Day Three. Epilated leg still looks hairless but doesn't feel totally smooth. That's the thing. Epilating does not produce a smooth leg, shaving does. However, day three, shaved leg, well, it needs shaving again. Normally I would have shaved it, but I left it stubbly for the sake of SCIENCE.

Other update: I still don't know what was up with the hover-copter over my building. However, there has been increased police presence in general in my neighborhood recently, including one of those elevated police booths (it's a little booth on top of a crane type thing that sometimes ends up parked on Franklin Ave. I guess it allows a policeperson to get a birds-eye view of the territory and/or peek into people's windows?) so maybe there is a crackdown on drug activity? There is an area on Franklin Avenue where it seems pretty obvious that a person could buy drugs if a person wanted to. That area is right where the crane gets parked.

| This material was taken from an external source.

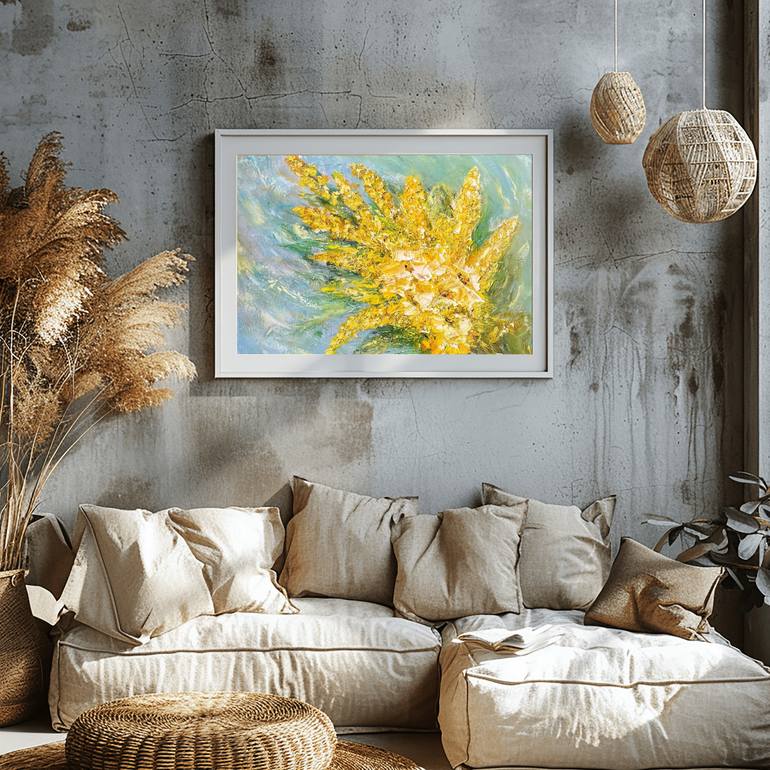 Original Abstract Painting by Lucy Moon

Or it could just be that my neighborhood has been targeted by the police department. That targeting may or may not have to do with an increase in crime in the neighborhood. I've heard and seen nothing about an increase in crime. And it is a known practice of many urban police departments of focusing on certain neighborhoods. That creates a vicious circle: the neighborhood gets to be known as a "bad" neighborhood because so many arrests happen there. But the increased arrests happen because the neighborhood has been targeted. And it is always a neighborhood where the population is predominantly dark-skinned. So who knows. Either there has been an increase in illegal activity and the police department is responding to that activity. Or the police department targeted the neighborhood to get its arrest numbers up, concentrating on residents with the least economic and political power. Maybe someone decided that there aren't enough black men in jail in New York City.

It's wrong to think that all New York City cops or police policies are bad, of course. I can't imagine how rough it must be to be a cop in NYC. When I was teaching judicial and correctional ethics at JJ, I had a conversation with a NY cop, one of my students, who was heartbroken (or at the very least ethically disturbed) at the practice of targeting neighborhoods. He grew up in one of those neighborhoods. But I also had a lot of students--cops, cadets, and civilians--who think that anything the NY police force does to get drug-related crime off the streets is worth doing. I see both sides of the issue.

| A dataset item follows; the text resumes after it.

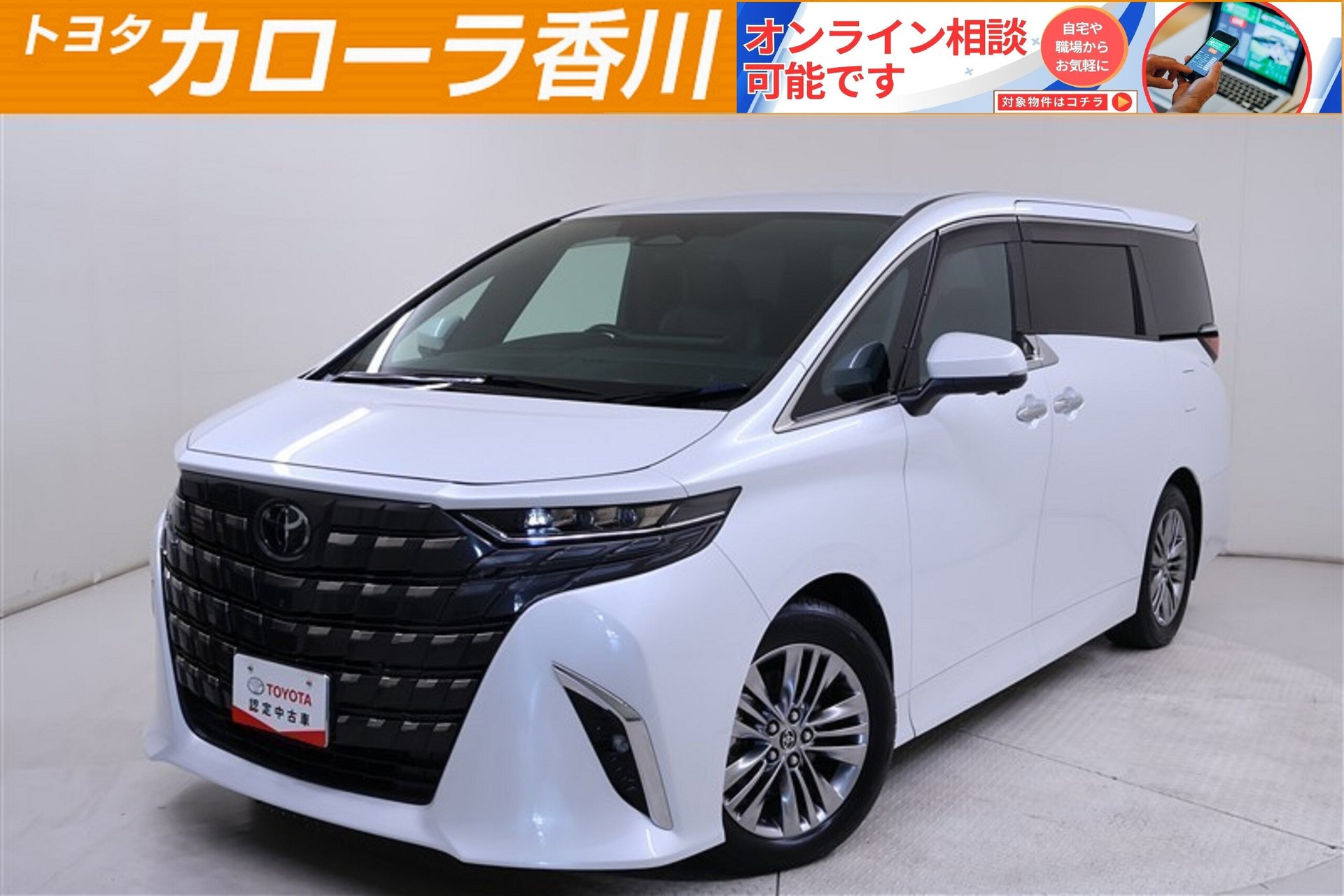 TOYOTA ALPHARD - View 1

It seems to me that the issue has to be given some more sides before anything can change. Either/or choices tend to produce polarizing disagreement because of the starkness of the yes/no option. Anyone for decriminalizing lower-rung drug-related offenses? Substituting treatment for punishment? There are problems no matter what route you choose. But also potential new solutions.

It's not like choosing between shaving and epilating.